Via its NextSTEP contract, Bigelow Aerospace will demonstrate to NASA how B330 habitats can be used to support safe, affordable, and robust human spaceflight missions to the Moon, Mars, and beyond. As the name indicates, the B330 will provide 330 cubic meters of internal volume and each habitat can support a crew of up to six.

Bigelow expandable habitats provide much greater volume than metallic structures, as well as enhanced protection against radiation and physical debris. Moreover, Bigelow habitats are lighter and take up substantially less rocket fairing space, and are far more affordable than traditional, rigid modules. These advantages make the B330 the ideal habitat to implement NASA’s beyond low Earth orbit (“LEO”) plans and will support the utilization of transportation systems such as the SLS and Orion. Additionally, the B330s, which will initially be deployed and tested in LEO, will be used as private sector space stations that will conduct a wide variety of commercial activities.

“We’re eager to work with NASA to show how B330s can support historic human spaceflight missions to the Moon and other destinations in cislunar space while still staying within the bounds of the Agency’s existing budget,” said Bigelow Aerospace’s President and founder, Robert T. Bigelow. “NASA originally conceived of expandable habitats decades ago to perform beyond LEO missions, and we at Bigelow Aerospace look forward to finally bringing that vision to fruition.”

  • Eric Thiel

    Europe, Canada, and Japan should also invest money in COTS styled systems to develop lunar landers, rovers, and nuclear reactors for a moon base.

  • therealdmt

    Sure.

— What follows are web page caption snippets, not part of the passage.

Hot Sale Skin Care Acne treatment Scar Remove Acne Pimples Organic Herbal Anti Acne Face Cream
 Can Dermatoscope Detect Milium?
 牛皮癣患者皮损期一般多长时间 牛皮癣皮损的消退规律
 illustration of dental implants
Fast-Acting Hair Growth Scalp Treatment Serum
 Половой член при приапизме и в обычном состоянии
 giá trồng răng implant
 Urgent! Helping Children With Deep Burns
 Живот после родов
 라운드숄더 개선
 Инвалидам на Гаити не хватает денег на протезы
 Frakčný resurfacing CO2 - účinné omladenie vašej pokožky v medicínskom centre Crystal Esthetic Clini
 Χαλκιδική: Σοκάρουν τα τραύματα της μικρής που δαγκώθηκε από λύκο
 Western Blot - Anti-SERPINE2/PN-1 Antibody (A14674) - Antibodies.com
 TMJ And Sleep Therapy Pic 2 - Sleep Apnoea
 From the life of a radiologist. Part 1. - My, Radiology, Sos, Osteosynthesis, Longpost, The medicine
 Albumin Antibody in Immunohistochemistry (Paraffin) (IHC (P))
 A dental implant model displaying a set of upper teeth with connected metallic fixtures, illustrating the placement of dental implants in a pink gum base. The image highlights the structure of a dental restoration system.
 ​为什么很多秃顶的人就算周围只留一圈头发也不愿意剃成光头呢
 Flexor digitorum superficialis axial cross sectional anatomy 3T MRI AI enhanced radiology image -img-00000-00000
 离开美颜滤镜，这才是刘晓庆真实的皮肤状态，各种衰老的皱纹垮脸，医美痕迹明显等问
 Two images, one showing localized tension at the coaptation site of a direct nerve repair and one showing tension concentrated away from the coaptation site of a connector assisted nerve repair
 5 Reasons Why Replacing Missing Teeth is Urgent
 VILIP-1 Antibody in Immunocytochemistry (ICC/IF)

For all the frustration we have with the U.S. Congress for clinging desperately to OldSpace, the other countries are even worse…

  • Stu

    Surely spin-G doesn’t favour anything other than a circular shape. With a rectangle, everything would slide to the corners (unless it was dead-centered in the middle of a side).

  • Hug Doug

    That’s nice and all, but it still doesn’t have anything to do with my reply to DTARS’ comment. Your comments would be better if given to DTARS directly, instead of to me.

  • Hug Doug

    Orion has had a service module since the Constellation days. It contains the fuel and drinking water, nitrogen and oxygen tanks, as well as the solar panels.

    Orion will never go to the ISS. Bigelow / NASA are most likely looking into the possibility of putting modules in lunar orbit or around one of the lunar L points.

  • Hug Doug

    The Falcon Heavy is considered Super Heavy lift, since it can loft more than 50,000 kg to LEO.

  • ThomasLMatula

    Just consider the difference in DeltaV required. It takes about “3.2km/sec to go from LEO to escape velocity. By contrast it takes only 0.14 DeltaV to go from the Earth-Moon L1 or L2 to escape velocity. That is why a station at one of those locations would be the ideal departure point for interplanetary missions using low-thrust systems.

    Not only does elimination of high-g burns after the assembly/check out of the space probe reduce the risk of damage to spacecraft systems,but use of non-rocket propulsion systems reduce the risk from explosions, especially after rockets have been inactive for a while. If I recall those types of explosions have ended a number of robotic missions over the years.

    Consider as a reference the Dawn spacecraft, 2,700 lbs with 927 lbs of fuel (Xenon). It has a total potential of 10 km/sec. Now consider what its performance would be if, instead of having to be deployed after a high-g burn it was assembled in at a station at the EM L1/L2. But instead of being limited to a single launch as is the case with all space probes now, you used two launches. One for the spacecraft, one for extra fuel. So in place of the current Dawn spacecraft you would have one with the same science package, but twice the area of solar panels and 3,000 to 4,000 lbs of fuel.

    Now add in a gravity assist from the Moon or Earth, easily possible from a EM L1 or EM L2, to supplement the one received from Mars. If there were the case the mission would not be ending at Ceres, but just beginning.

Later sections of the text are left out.